Bianco DiNapoli tomatoes are hand-selected to ensure ripe shoulders, and then they’re steam-peeled and packed with just a few leaves of organic basil and Pacific sea salt, and contain none of the additives (citric acid or calcium chloride) that are used even in some of the canned tomatoes from Campania. “Why shouldn’t a tomato from Northern California be as worthy as something else in the world that might be packed with or without that same good intention,” Bianco queried in a recent phone call. “My family is Italian. I’m proud of my heritage and continue to be more inspired by Italy every day. [But] we have an incredible food history, albeit shorter, here in the States.”
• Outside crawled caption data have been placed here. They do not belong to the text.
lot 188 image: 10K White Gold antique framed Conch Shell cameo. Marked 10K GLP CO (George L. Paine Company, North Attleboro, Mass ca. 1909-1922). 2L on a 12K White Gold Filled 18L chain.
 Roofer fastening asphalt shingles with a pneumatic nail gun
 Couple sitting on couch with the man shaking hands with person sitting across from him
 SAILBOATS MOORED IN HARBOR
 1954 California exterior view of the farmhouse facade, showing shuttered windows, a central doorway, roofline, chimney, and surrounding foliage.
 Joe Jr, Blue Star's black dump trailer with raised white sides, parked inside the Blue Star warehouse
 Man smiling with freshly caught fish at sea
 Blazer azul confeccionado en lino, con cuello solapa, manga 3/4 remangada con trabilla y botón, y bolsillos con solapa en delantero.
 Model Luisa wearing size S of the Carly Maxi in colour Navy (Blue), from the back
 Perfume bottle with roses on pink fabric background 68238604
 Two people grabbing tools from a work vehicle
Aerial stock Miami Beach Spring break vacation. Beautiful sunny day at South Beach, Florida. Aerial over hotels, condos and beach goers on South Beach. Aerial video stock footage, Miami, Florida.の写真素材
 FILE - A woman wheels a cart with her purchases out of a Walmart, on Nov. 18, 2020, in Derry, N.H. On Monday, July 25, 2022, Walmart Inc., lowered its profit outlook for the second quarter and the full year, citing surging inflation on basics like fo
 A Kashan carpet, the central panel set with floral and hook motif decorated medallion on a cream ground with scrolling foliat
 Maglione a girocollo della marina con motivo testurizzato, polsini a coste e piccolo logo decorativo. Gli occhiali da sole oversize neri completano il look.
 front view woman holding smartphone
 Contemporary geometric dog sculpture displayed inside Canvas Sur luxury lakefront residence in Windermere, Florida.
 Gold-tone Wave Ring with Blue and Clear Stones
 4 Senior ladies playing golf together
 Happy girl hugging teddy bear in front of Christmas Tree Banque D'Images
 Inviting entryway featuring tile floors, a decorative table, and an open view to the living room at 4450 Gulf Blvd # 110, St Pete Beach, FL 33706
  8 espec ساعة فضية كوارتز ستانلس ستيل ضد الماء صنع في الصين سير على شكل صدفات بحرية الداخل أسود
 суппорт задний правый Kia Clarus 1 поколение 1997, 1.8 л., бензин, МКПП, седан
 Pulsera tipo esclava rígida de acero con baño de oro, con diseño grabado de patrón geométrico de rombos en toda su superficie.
Cans of Bianco’s coveted domestic tomatoes have previously been available on an allocation-only basis to select chefs—with a rogue can or two available online. However, there is good news for home cooks who are as “maniacal” (to use Bianco’s description of himself) about ingredients as the Beard-winning chef: Bianco DiNapoli tomatoes will soon be available at Front Range Whole Foods.
The grocer’s Rocky Mountain region will begin carrying 28-ounce cans of Bianco DiNapoli’s whole and crushed tomatoes by summer’s end. In the meantime, Whitaker always has a few cans on hand at Cart-Driver to sell to his guests.